_YOUR TASK:_ The response should reproduce exactly the lines from the top of the listing below through the one that contains "statekaidz.com", and nothing else; pictures do not belong in it.

--

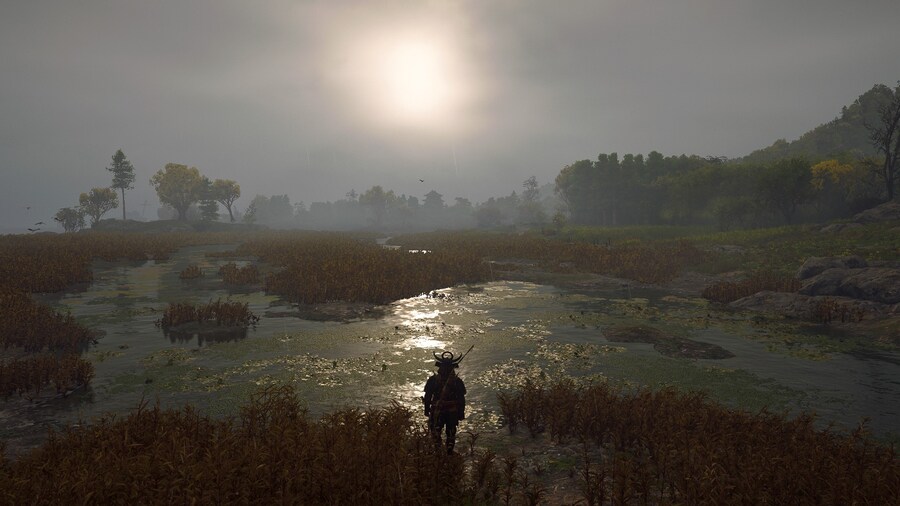 Assassin's Creed® Shadows_20.jpg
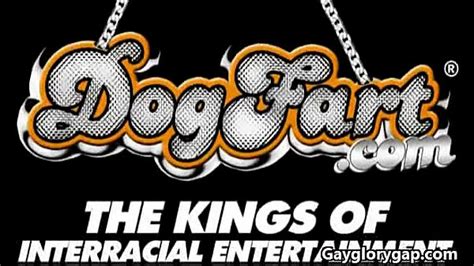 Vídeos gay negro XVIDEOS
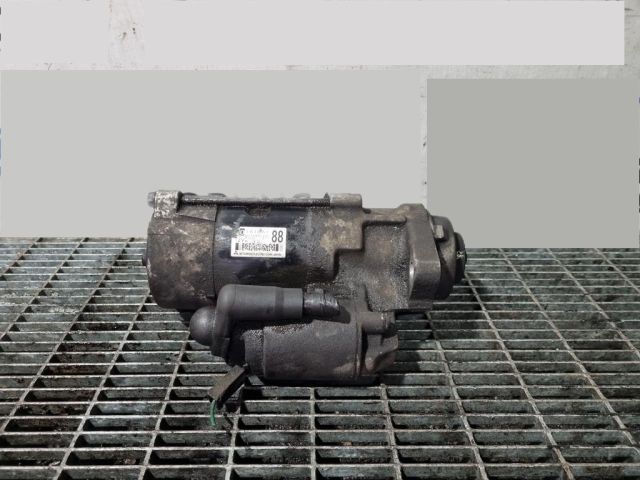 bontott MITSUBISHI ASX Önindító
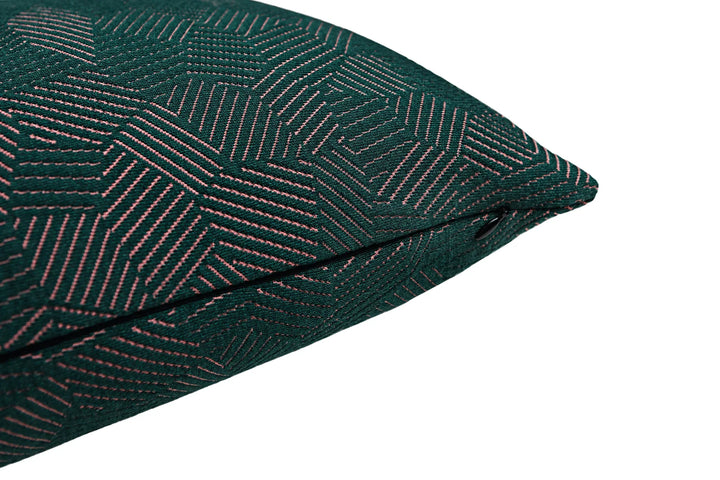 storm cushion medium in various colors 9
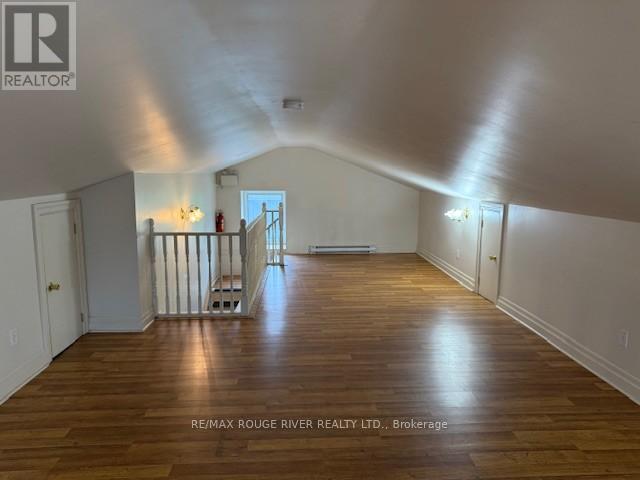 10 Chapel Street, Cobourg, Ontario  K9A 1H9 - Photo 31 - X12456815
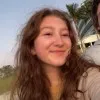 Katie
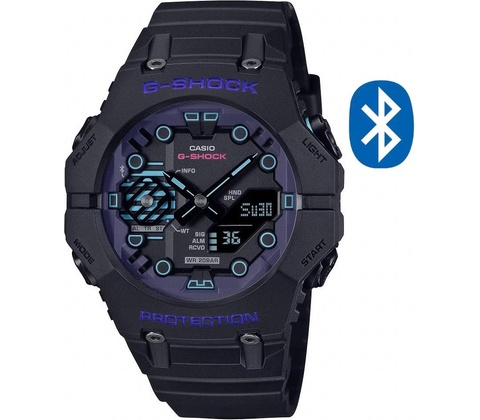 Casio GA-B001CBR-1A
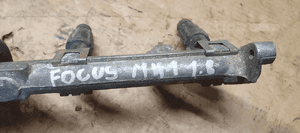 Listwa wtryskowa wtryski Ford Focus MK1 1.8 16V 9S8F-9H487-GA 6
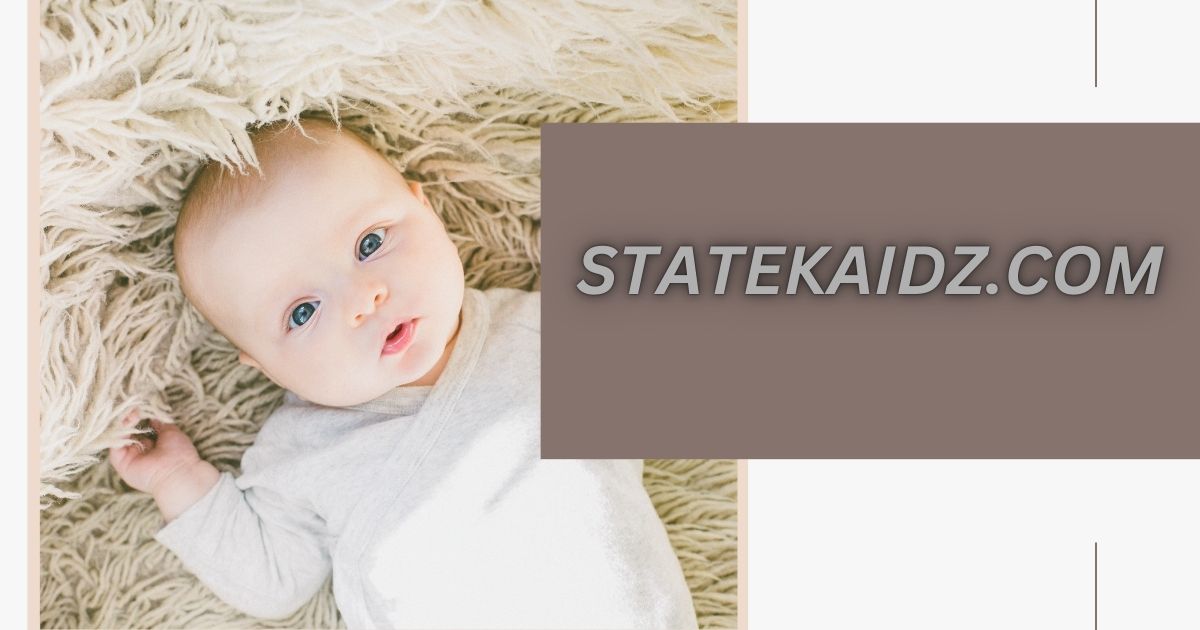 statekaidz.com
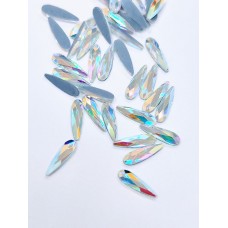 Drop Crystal AB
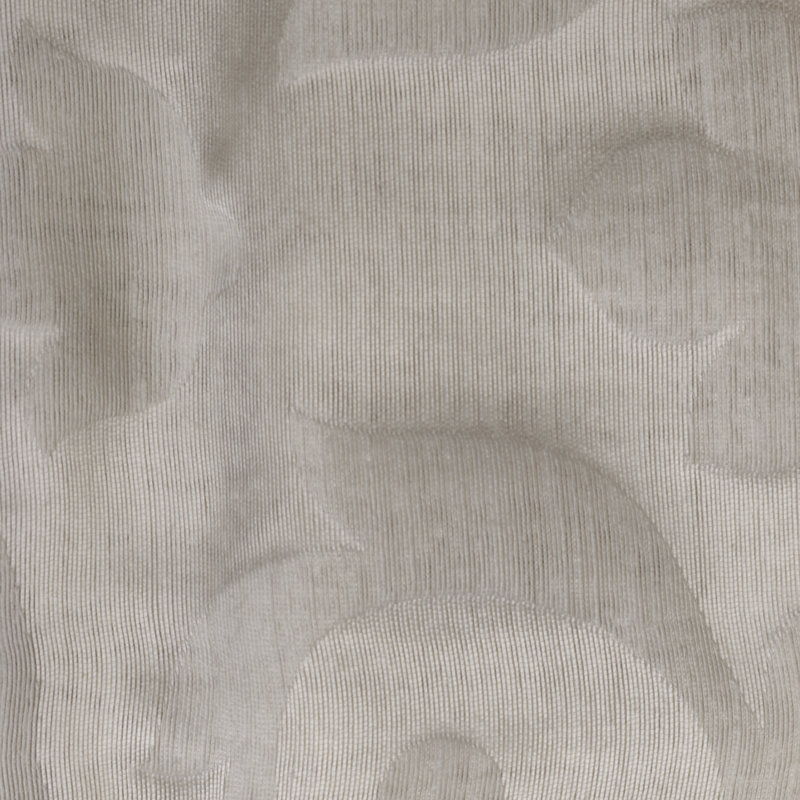 Venetian Fabric, Vanilla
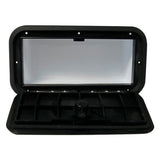 THMARINE DESIGNER SERIES GLOVE BOX - DRIVEN Canada's Powersports 779421074579GDS4 - 0714 - 1 - DP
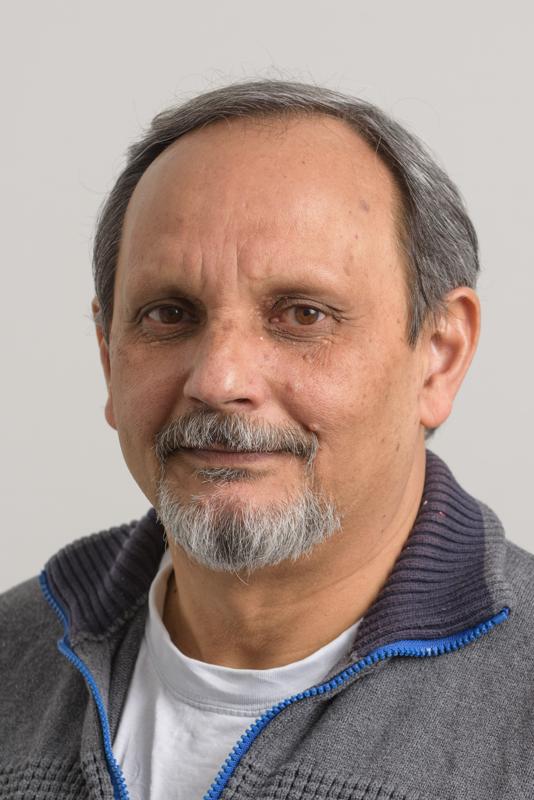  20160109-PB8_4380.jpg </br >Kontrabaslærer</br > <small> 2016-01-09 11:58</br >NIKON D800 + 70.0-200.0 mm f/2.8<br /> 125mm 1/125s f/7.1 ISO 200</small>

--

_OUTPUT:_
 Assassin's Creed® Shadows_20.jpg
 Vídeos gay negro XVIDEOS
 bontott MITSUBISHI ASX Önindító
 storm cushion medium in various colors 9
 10 Chapel Street, Cobourg, Ontario  K9A 1H9 - Photo 31 - X12456815
 Katie
 Casio GA-B001CBR-1A
 Listwa wtryskowa wtryski Ford Focus MK1 1.8 16V 9S8F-9H487-GA 6
 statekaidz.com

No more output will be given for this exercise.